Stump on Brookside, 2016 (Photo by Jan Worth-Nelson)

Keeler showed photographs illustrating GCD-managed actions of concern in the so-called “tree lawns”: live trees cut down leaving stumps, for example, and one that needed to be cut down, on the contrary, but that was left. He noted cases where residents did not receive notification that work would be done. Keeler said the push for votes is crucial to the CCNA.

There are five total board members, three of whom are up for re-election. If the three candidates some in the CCN are supporting get elected, Keeler asserted, the CCN would have a stronger voice and better control of decisions made at the GCD.

As detailed in an East Village Magazine update on the election here, two four-year terms and one partial term ending in 2019 are on the ballot.

Candidates for the two four-year seats include Erin Caudell, Andrew Everman, Caroline Kellogg, and David Lossing.

Candidates for the single partial term opening are Lauri Elbing, Kristen Miner, and Candice Mushatt.

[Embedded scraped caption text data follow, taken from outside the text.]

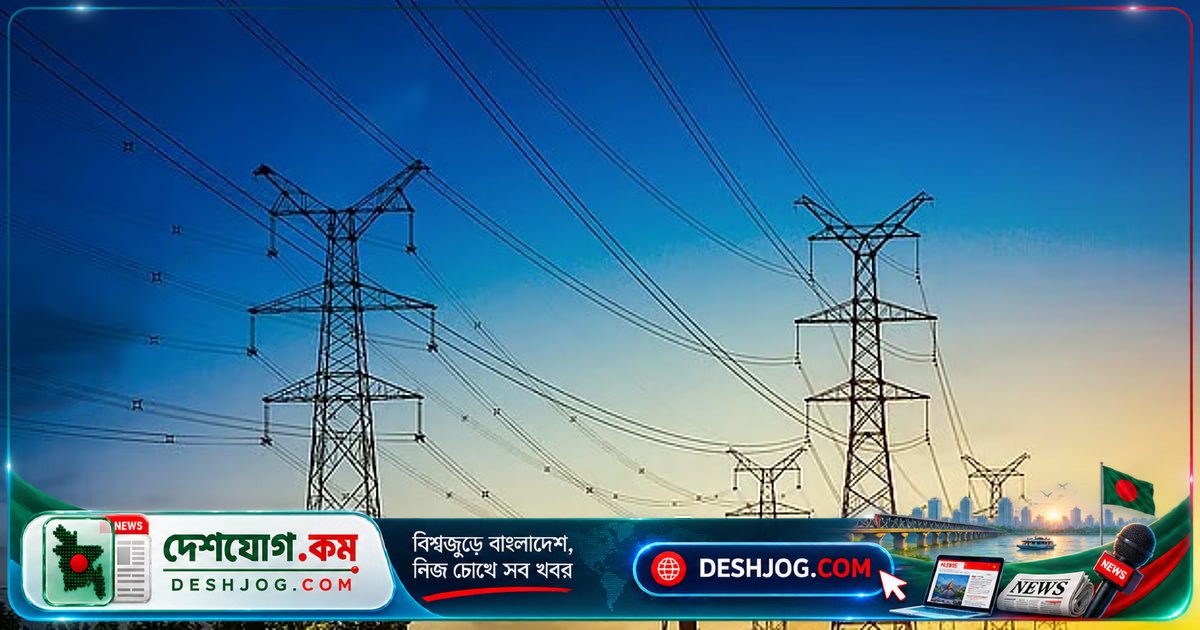 বিদ্যুৎ বিপর্যয় তদন্তে উচ্চপর্যায়ের কমিটি গঠন: পাঁচ সদস্যের তদন্ত দলের দায়িত্বে অতিরিক্ত সচিব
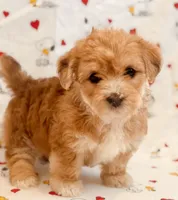 April, a female Yorkshire Terrier and Poodle - Toy  for sale in Los Angeles, CA – 2 of 2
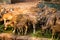 group of deer is eating green grass and looking around.These are chital / cheetal deers from india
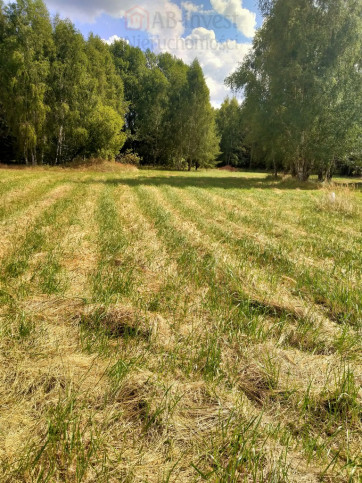 Działka Sprzedaż Grzepnica 1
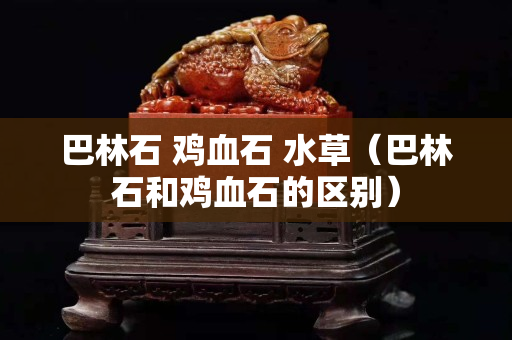 巴林石 鸡血石 水草（巴林石和鸡血石的区别）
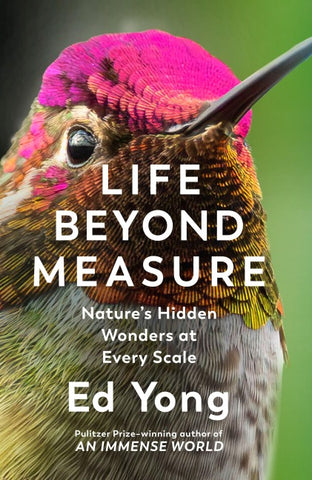 Life Beyond Measure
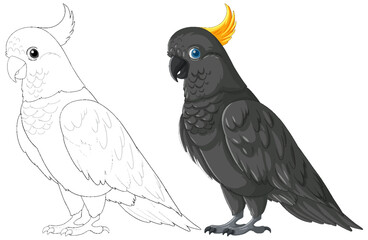 Vector illustration of a colored and line art cockatoo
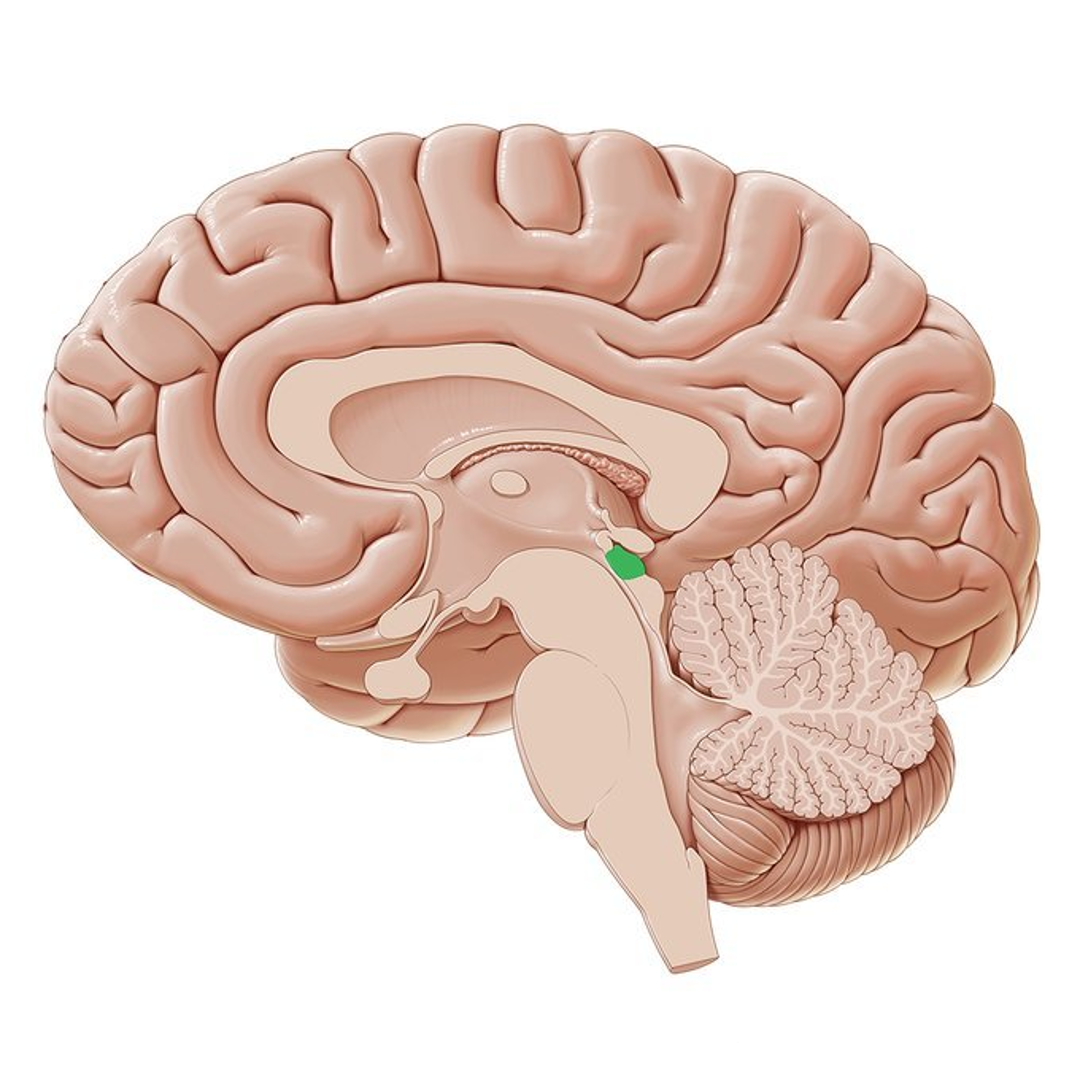 [The Superior Colliculus is highlighted in green. Although this image is of a human brain, the superior colliculus is present in all vertebrates, including mice.]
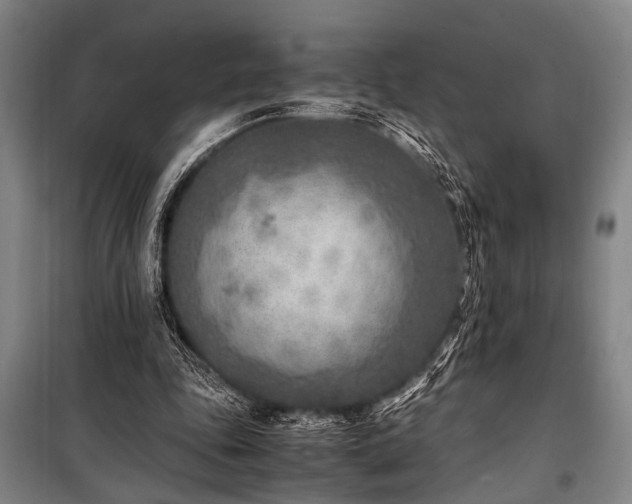 X0000101190343200806271321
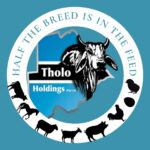 Tholo Holdings &raquo; Sky Jobs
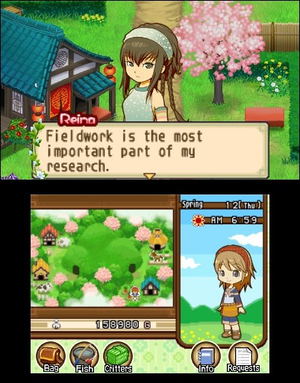 Harvest Moon: The Tale of Two Towns_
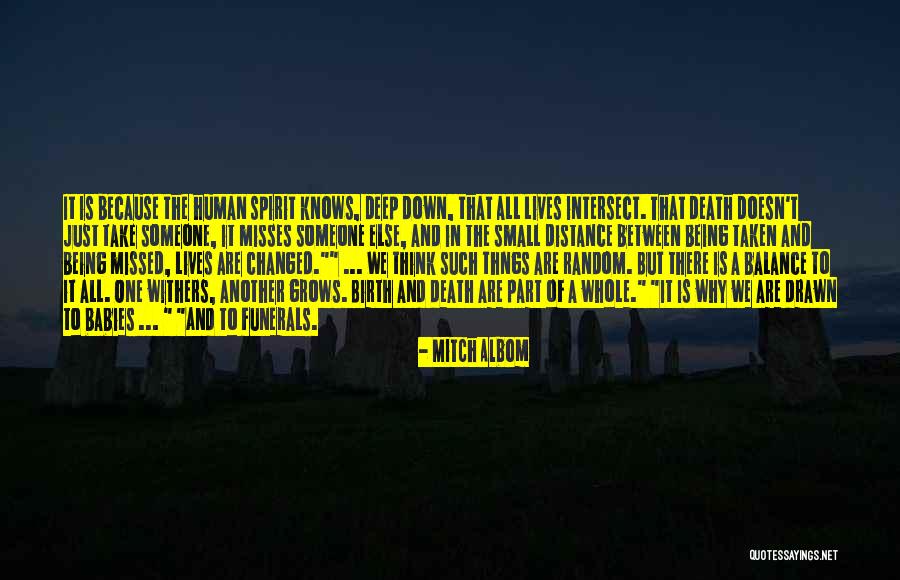 Jems Typical Quotes By Mitch Albom Jems Typical Quotes By Mitch Albom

Editor’s Note:  This story has been amended, based on a follow-up email from CCNA vice-president Sherry Hayden, to clarify that the CCNA did not endorse Caroline Kellogg, Andy Everman and Kristen Miner as the story originally stated.  Those names, listed on a flyer distributed in the neighborhood, represented recommendations from Keeler and Hayden personally, she said, but not officially for the CCNA. “We did not present it to the crowd that CCNA membership endorsed these candidates, one because it was never voted on and two, we don’t endorse. In elections we invite all candidates present to speak.”  Hayden pointed out that David Lossing was present at the meeting, for example, and was welcomed to speak. 

Keeler explained what he called a somewhat confusing voting procedure. The election will be held at Asbury United Methodist Church on Davison Road from 11 a.m. to 2 p.m. March 22. Residents unable to vote during those hours can fill out a ballot at 1525 Elms Rd from 8 a.m. to 5:30 p.m. Monday through Friday or get an absentee ballot by calling the GCD 810-820-2681 Ext. 3. Ballots must be returned by March 21.

Since the voting procedure is unclear to some people, CCN resident Mark Fisher, who does the real estate report, offered to collect ballots and take them by hand to meet the voting deadline.

DPW Director on pipe replacements, restoration

City of Flint Department of Public Works Director Bincsik fielding questions from residents at the CCNA meeting (Photo by Patsy Isenberg).

The most time-consuming item was the presentation by Bincsik, who has worked for the City of Flint since 1996. He began by describing the department he now directs. The Department of Public Works, he said, is the city’sbiggest operation, covering street maintenance and managing the city’s utilities. He said the utilities side is the biggest part of the operation. He said to get an idea of the size of the department’s territory, if one drove from one corner of the city (Clio Road at the western side) to the other corner (Dort near Atherton) using only residential streets it would become clear. He added, “We really don’t have the revenue we need to manage all of our stuff. I think our people do a wonderful job given the resources they’re given.”

Residents challenged him by asking questions on several issues, mostly needed street repairs, potholes,  pipe replacement and water issues, meter reading problems and reporting water thefts.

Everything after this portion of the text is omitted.